Solving Special Relativity Problem with Train Walking

[Amrator]

Homework Statement

A train with proper length $L$ and speed $\frac{3c}{5}$ approaches a tunnel with length $L$. At the moment the front of the train enters the tunnel, a person leaves from the front of the train and walks (briskly) toward the back.

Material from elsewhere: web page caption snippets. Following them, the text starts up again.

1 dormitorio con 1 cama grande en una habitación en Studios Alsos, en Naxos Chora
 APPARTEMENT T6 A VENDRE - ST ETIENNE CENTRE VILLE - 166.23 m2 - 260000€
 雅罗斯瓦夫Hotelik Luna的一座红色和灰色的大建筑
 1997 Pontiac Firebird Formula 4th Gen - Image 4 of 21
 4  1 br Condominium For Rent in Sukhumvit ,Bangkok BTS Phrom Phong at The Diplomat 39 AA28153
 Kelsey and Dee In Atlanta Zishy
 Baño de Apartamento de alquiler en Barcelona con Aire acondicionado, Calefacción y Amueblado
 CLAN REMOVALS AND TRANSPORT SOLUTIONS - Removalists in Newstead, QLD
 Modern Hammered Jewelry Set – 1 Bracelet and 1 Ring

She arrives at the back of the train right when it (the back) leaves the tunnel.

a) How much time does this take in the ground frame?
b) What is the person's speed with respect to the ground?
c) How much time elapses on the person's watch?

Relevant Equations

$$t_{observed} = \gamma t_{proper}$$
$$L_{observed} = \frac{L_{proper}} {\gamma}$$
$$t_R - t_L = \frac{Lv}{c^2}$$
$$V = \frac{u+v}{1+\frac{uv}{c^2}}$$

I've gone back to review special relativity in preparation for GR. I apologize for the horrific handwriting.

a) So the ground frame measures the length of the train to be contracted by $\frac{4}{5}$. So $L_G = \frac{4L}{5}$. To calculate the total distance the train travels in the ground frame, I simply added the length of the train + length of the train + (the length of the tunnel - the length of the train). This yields $\frac{9L}{5}$. I then divided this length by the speed of the train to get the time $\frac{3L}{c}$, which I think is the duration for her to walk from the front of the train to the back of the train in the ground frame. Is this correct?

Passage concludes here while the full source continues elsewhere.